Agreement Removes Final Legal Hurdle for the Intercounty Connector; Enhances Environmental Stewardship Programs
BALTIMORE (Nov. 17, 2008)—The Maryland Department of Transportations (MDOT) State Highway Administration (SHA) announced today that it has reached an agreement with the Environmental Defense Fund (EDF) that removes the final legal challenge facing the Intercounty Connector (ICC). The EDF has withdrawn its appeal of a November 2007 U.S. District Court ruling, after SHA agreed to augment its extensive environmental stewardship program with two additional air quality programs.
Advancing scientific understanding of fine particle pollution (PM 2.5) generated by vehicles traveling on highways is the goal of the first element of the settlement. SHA will sponsor a three-year study valued at up to $1 million that involves installing air quality monitors along a major highway selected for its similar characteristics to the ICC and I-95. This will help all highway agencies to better understand the various sources that generate PM 2.5.
The settlement is yet another facet of the unprecedented environmental protection and stewardship that is a hallmark of the ICC project, said SHA Administrator Neil J. Pedersen. The ICC will be one of the greenest highways in history. The new air quality programs extend SHAs commitment to go above and beyond what is required to enhance the region overall.

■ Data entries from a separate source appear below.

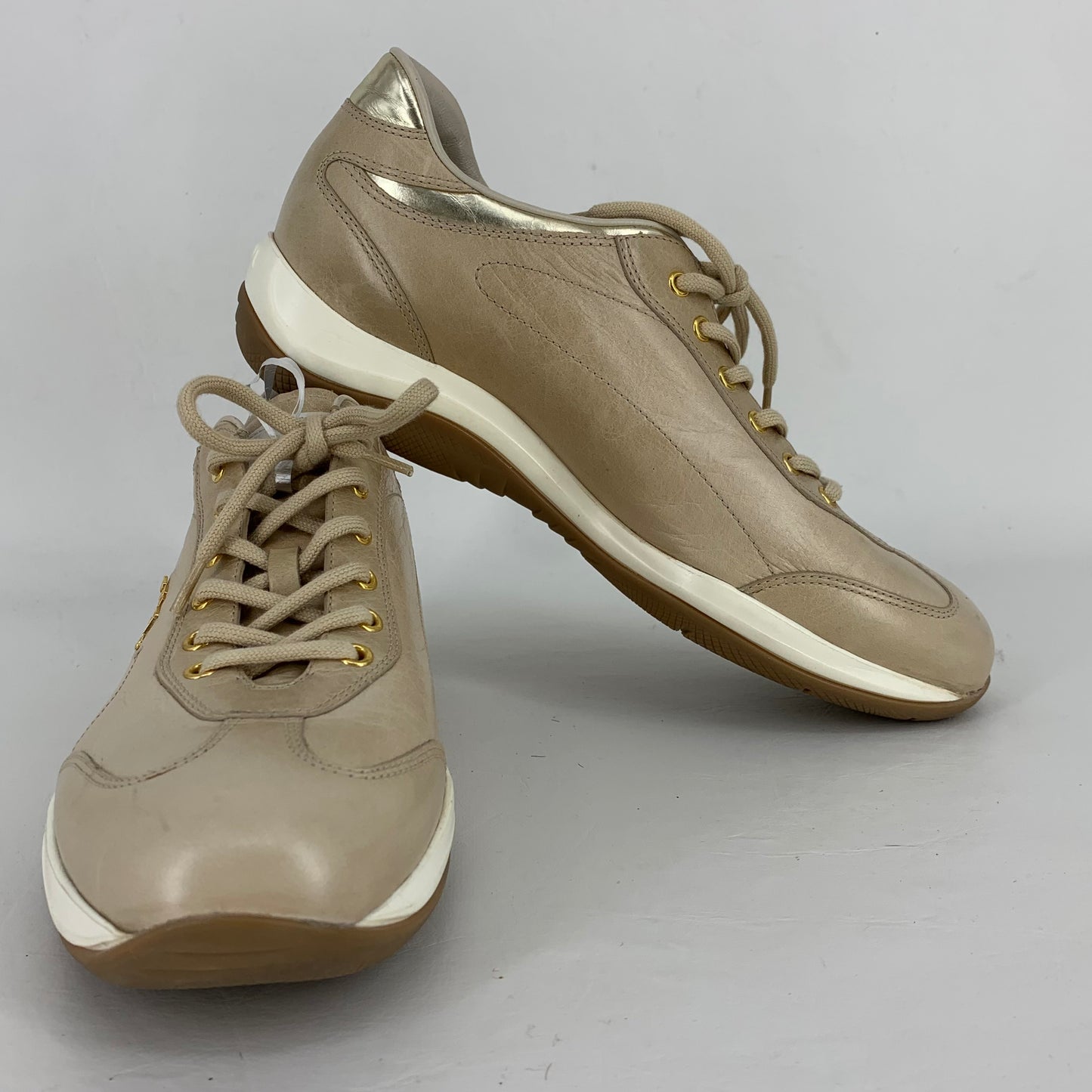 Authentic Prada Vintage Beige Sneakers Sz 42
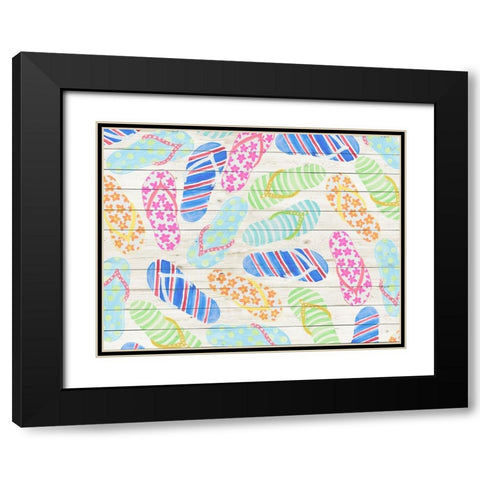 Boardwalk Flip Flops Black Modern Wood Framed Art Print with Double Matting by DeRice, Julie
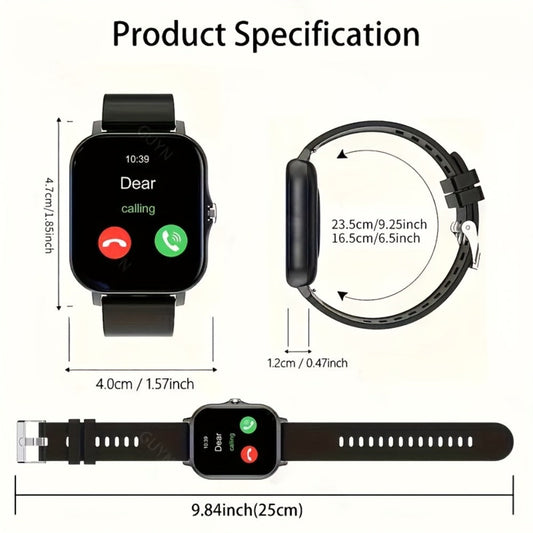 Smartwatch for Men Women with Bluetooth Calling, 1.83" Full Touch Screen Large Dial, Weather Notification, Sports Tracker & Pedometer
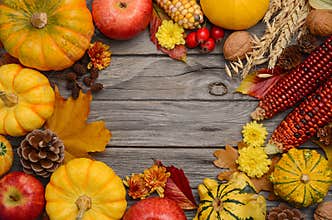 Fall background with pumpkins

The second aspect of the agreement will directly reduce air quality pollution in Maryland. SHA will provide up to $1 million to retrofit diesel school buses in Montgomery County with exhaust systems that reduce emissions and will work with the school system to develop a program to reduce idling.
The two air quality programs in the settlement will strengthen the ICCs $370 million mitigation and stewardship package already more than 15 percent of the ICCs total cost. The package includes an unprecedented level of compensatory mitigation to replace and enhance the impacted segments of the environment and communities, as well as fund more than 60 Environmental Stewardship projects to correct environmental problems caused by decades of past development in Montgomery and Prince Georges counties problems that are unrelated to the ICC itself.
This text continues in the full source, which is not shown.